Grafana App Plugin
Service-centric incident correlation and reliability analysis for Grafana.
Reliability Control Plane is a Grafana App Plugin that correlates metrics, logs, and traces into a unified reliability analysis surface. It enables faster incident investigation by synthesizing Prometheus, Loki, and Tempo signals into actionable service-level insights.
- Plugin Type: Grafana App Plugin
- Frontend: React (create-plugin scaffold)
- Backend: Go (optional persistence APIs)

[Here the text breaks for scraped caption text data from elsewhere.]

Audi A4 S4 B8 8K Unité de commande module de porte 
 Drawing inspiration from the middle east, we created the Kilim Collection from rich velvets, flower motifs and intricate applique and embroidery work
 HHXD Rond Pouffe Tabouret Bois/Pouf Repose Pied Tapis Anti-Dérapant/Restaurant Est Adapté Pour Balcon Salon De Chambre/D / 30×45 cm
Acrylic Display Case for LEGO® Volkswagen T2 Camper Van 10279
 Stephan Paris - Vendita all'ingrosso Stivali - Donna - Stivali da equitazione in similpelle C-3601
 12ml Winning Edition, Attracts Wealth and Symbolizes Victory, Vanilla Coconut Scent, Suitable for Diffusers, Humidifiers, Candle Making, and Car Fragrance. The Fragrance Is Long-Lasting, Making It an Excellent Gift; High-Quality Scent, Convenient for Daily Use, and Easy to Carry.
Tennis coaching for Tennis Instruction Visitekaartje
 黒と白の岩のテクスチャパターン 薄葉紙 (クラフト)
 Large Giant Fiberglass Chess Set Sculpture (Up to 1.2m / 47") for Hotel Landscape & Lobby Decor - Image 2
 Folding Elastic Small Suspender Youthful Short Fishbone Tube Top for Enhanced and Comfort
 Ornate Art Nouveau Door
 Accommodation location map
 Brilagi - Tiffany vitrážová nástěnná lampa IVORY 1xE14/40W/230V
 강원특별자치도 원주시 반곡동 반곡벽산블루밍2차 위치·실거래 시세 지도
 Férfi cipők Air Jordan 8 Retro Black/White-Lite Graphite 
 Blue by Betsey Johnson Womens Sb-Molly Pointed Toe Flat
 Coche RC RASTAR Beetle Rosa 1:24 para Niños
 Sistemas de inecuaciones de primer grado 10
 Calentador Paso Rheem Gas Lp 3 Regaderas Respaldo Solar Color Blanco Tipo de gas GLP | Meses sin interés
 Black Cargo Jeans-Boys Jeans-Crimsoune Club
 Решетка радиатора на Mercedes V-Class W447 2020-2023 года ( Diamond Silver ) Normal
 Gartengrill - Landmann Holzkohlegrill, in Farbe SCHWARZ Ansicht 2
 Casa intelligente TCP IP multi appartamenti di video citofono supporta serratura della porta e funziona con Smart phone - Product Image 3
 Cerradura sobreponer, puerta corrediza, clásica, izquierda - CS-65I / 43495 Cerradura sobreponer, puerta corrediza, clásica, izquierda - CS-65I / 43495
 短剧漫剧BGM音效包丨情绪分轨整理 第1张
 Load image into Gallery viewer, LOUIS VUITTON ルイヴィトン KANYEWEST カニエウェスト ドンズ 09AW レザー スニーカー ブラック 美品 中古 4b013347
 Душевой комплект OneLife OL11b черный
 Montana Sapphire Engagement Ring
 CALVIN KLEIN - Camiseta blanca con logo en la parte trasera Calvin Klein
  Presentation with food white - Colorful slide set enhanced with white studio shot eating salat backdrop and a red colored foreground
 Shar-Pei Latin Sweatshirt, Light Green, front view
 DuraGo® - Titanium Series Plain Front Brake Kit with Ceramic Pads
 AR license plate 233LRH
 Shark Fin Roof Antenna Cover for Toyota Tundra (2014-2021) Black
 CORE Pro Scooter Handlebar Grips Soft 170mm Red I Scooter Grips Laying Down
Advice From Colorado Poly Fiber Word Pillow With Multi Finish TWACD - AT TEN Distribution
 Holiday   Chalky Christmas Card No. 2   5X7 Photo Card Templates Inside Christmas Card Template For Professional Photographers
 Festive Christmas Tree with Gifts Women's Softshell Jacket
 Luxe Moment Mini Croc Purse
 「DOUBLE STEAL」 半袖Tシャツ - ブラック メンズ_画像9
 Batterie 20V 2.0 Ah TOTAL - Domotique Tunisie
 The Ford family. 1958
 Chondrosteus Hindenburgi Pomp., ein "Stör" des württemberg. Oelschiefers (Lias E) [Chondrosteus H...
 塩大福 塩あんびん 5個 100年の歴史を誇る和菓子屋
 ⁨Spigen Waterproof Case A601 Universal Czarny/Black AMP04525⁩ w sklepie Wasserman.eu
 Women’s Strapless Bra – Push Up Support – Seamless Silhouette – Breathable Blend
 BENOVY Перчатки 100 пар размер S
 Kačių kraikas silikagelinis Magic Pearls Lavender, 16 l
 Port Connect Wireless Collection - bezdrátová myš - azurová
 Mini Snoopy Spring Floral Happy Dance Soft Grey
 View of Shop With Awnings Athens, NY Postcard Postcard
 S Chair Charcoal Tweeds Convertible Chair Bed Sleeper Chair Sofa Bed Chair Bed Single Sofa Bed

- Minimum Grafana Version (current manifest): 11.6.0+ (
src/plugin.json) - Signature Required: Yes (for production installation)
Reliability Control Plane provides a service-first reliability view inside Grafana by:
- Querying Prometheus, Loki, and Tempo directly through Grafana datasources
- Performing correlation logic in the frontend
- Optionally persisting incident snapshots using a lightweight backend
The plugin does not introduce a separate observability store and does not duplicate telemetry. Reliability indicators are derived from live datasource responses.
The plugin relies on existing Grafana datasources:
| Signal | Datasource | Purpose |
|---|---|---|
| Metrics | Prometheus | Error rate, latency, request rate, SLO burn |
| Logs | Loki | Error pattern grouping |
| Traces | Tempo | Trace extraction and dependency context |
No external APIs are called for core correlation features.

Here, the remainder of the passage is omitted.